- _YOUR OBJECTIVE_
Return the material below exactly, but only from the line with "Syngas Market Size" through the line with "U.S. Traffic Deaths", and without its pictures.

- _EXTRACTED MATERIAL_

Content starts

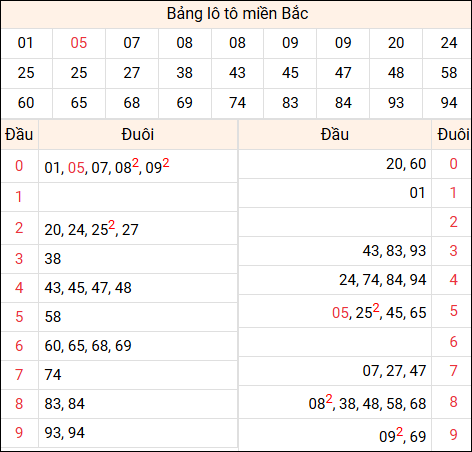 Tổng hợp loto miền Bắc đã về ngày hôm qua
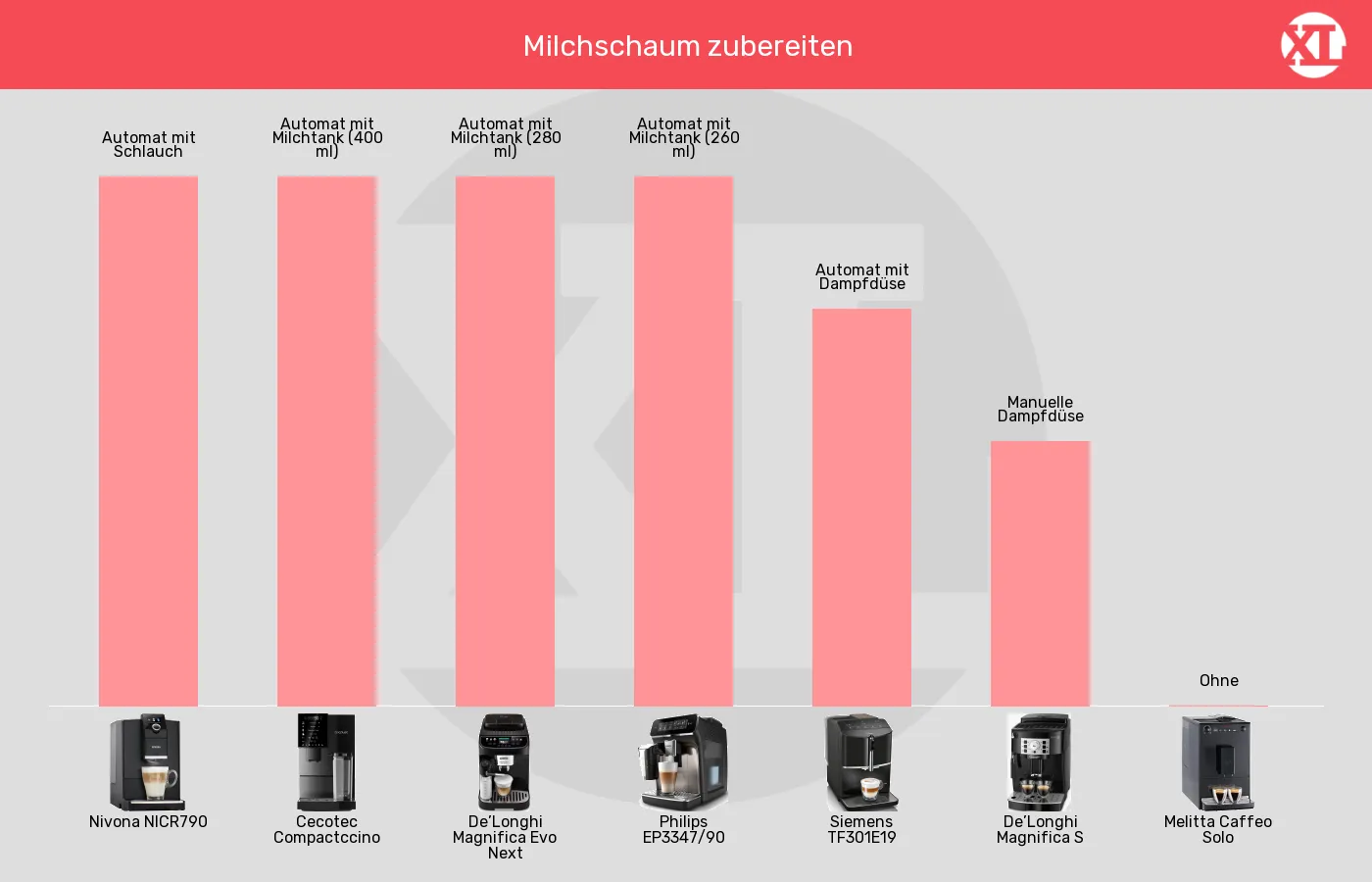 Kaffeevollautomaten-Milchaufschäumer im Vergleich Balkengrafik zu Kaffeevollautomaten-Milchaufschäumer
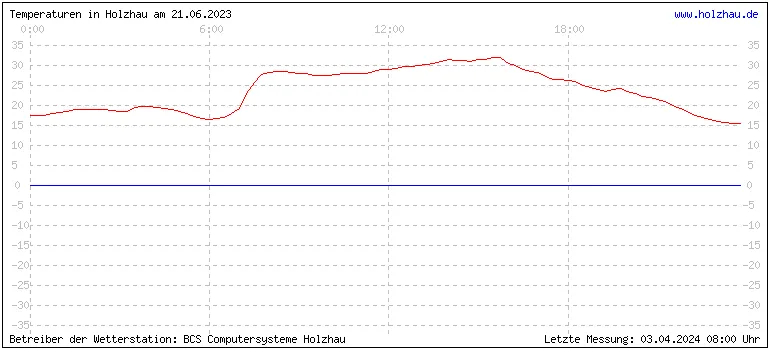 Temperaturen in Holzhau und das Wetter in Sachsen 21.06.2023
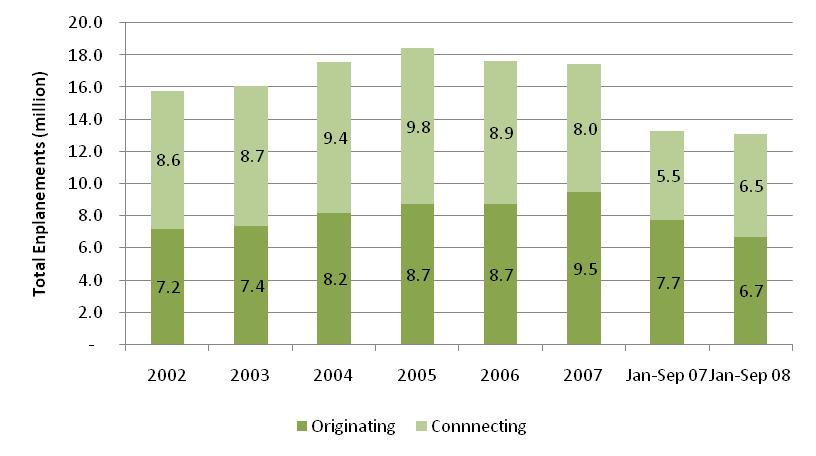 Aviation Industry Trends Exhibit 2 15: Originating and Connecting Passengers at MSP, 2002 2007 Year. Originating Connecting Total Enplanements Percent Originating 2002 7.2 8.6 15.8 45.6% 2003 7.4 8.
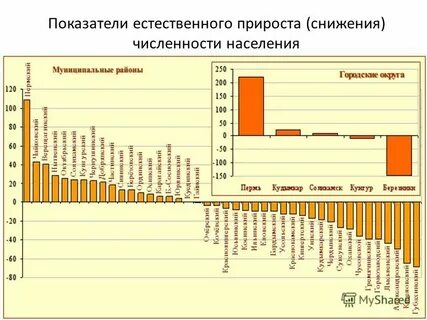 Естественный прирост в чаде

Content ends
Content starts

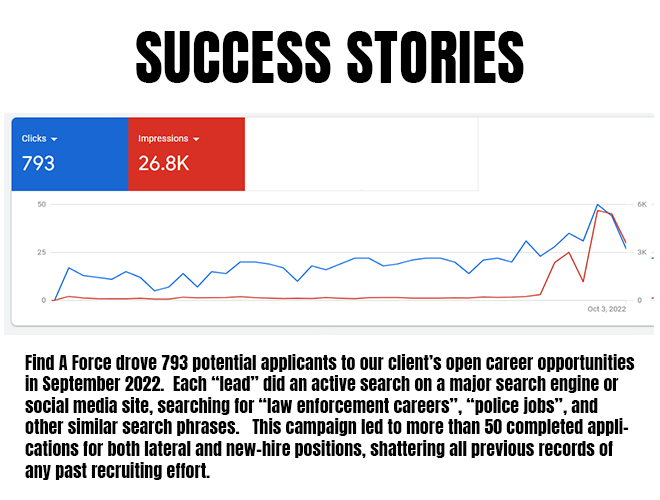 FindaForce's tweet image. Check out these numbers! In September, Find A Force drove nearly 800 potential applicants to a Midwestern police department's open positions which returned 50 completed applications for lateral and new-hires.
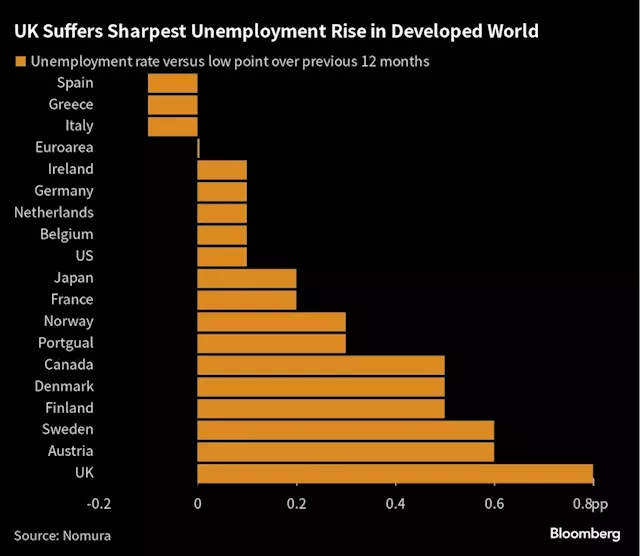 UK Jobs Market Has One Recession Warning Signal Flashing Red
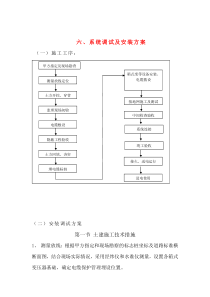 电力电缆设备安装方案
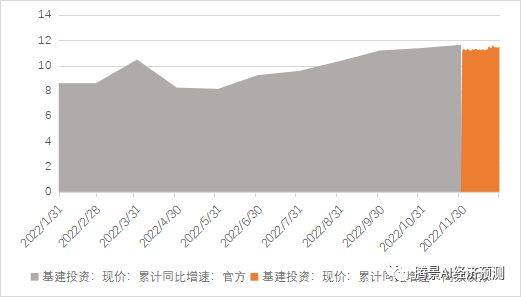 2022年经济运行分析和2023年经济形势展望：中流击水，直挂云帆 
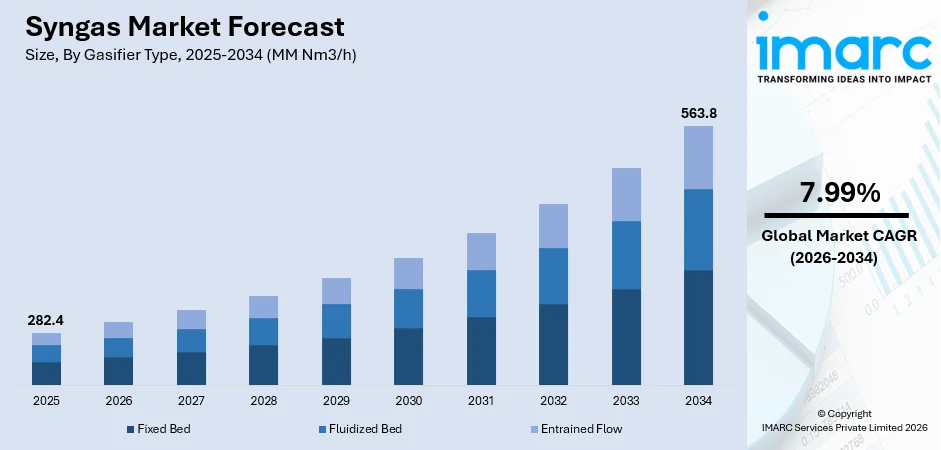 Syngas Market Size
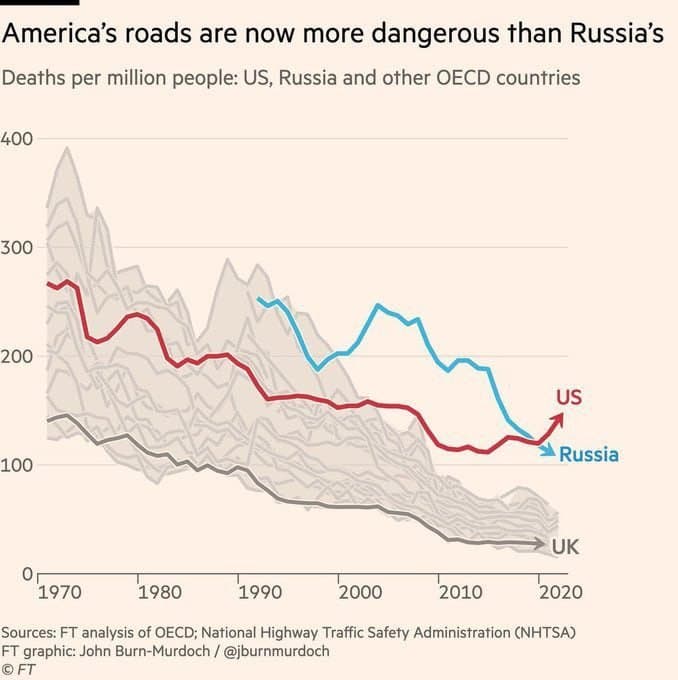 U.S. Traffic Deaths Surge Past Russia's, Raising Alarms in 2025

Content ends

- _SOLUTION BELOW_
 Syngas Market Size
 U.S. Traffic Deaths Surge Past Russia's, Raising Alarms in 2025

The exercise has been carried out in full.